Sum of three consecutive cubes equals a perfect square

Question

I have found this problem in an old German textbook: Find all sets of three consecutive integers such that the sum of their cubes is a perfect square.

We can write $$S = (x-1)^3 + x^3 + (x+1)^3 = (x-1+x+1)((x-1)^2 - (x-1)(x-1) + (x+1)^2) + x^3$$ which reduces to $$S = 3x(x^2 + 2).$$

If we set $x^2 + 2 = 3x$, we get $$x^2 - 3x + 2 = 0 \iff (x-1)(x-2) = 0$$ and we thus obtain the solutions $(0,1,2)$ and $(1,2,3)$.

At first I conjectured that these are the only solutions, but I couldn't prove this. However, I was wrong: $(23,24,25)$ also satisfies the relationship.

It is worth noting that these are the only solutions for $x \leq 100000$. Can anyboy help me prove that these are the only ones? Or otherwise, help me find all other triples?

Answer 1

What you can do (but not ask from seventh graders) is to turn the equation into an elliptic curve in Weierstrass normal form, by multiplying both sides by $9$ and putting $9S=Y^2$ and $X=3x$. Then we get $$Y^2=X^3+18X$$ which indeed denotes an elliptic curve and we can use for instance SageMath to return its integral points: $(0, 0), (3, 9), (6, 18), (72, 612)$. Then we find $x=0,1,2,24$.

In fact, something similar can be done if we have an odd number, say $2t+1$ of consecutive cubes whose sum must be a perfect square.

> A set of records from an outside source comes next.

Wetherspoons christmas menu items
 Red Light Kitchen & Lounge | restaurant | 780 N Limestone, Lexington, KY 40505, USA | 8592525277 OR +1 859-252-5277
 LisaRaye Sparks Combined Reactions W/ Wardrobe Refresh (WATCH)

If we let $n^3$ be the central element of the cubes, the sum is $(n-t)^3+\cdots +n^3+\cdots +(n+t)^3=(2t+1)n^3+6n(1+4+\cdots +t^2)=(2t+1)n^3+t(t+1)(2t+1)n$

We know this is a square when $n=t,t+1$ (since the sum of the first $k$ cubes is a perfect square), and less obvious, but easy to verify, is that $n=4t(t+1)(2t+1)$ (which is $24$ times the sum of the first $t$ squares) is also a solution.

Answer 2

Here is an approachable (but not exhaustive) algebraic route to obtain the solution $23,24,25$.

OP obtains $S=3x(x^2+2)$. Plainly, $x^2+2$ cannot itself be a square (there are no two integer squares which differ by $2$), so OP makes the (limiting) assumption that to obtain a square, you must set $3x=x^2+2$. It is also possible, however, that $3x=a\cdot b^2$ and $x^2+2=a\cdot c^2$, yielding a product $a^2b^2c^2$. Furthermore, since we have one explicit factor of $3$ to account for, one of $x$ or $x^2+2$ must contain another factor of $3$.

Let's assume here that $x=3k$. Then $3x(x^2+2)=9k(9k^2+2)$; and if that is a square, then so is $k(9k^2+2)$. Now $gcd(k,(9k^2+2))=1,2$. If it is $1$, then $k=d^2$ and $(9k^2+2)=9d^4+2$. But this is impossible because $9d^4+2$ is $2$ greater than a square, and therefore cannot be a square.

So we conclude that $k=2n$ and $k(9k^2+2)=2n(36n^2+2)=4n(18n^2+1)$. Again, since this last expression is a square, so is $n(18n^2+1)$. Here, $gcd(n,(18n^2+1))=1$, so we arrive at $n=d^2$ and $18n^2+1=18d^4+1$.

$18d^4+1=m^2$ has the solution $d=2,m=17$, from which $n=4,k=8,x=24$, yielding the overall solution $23,24,25$.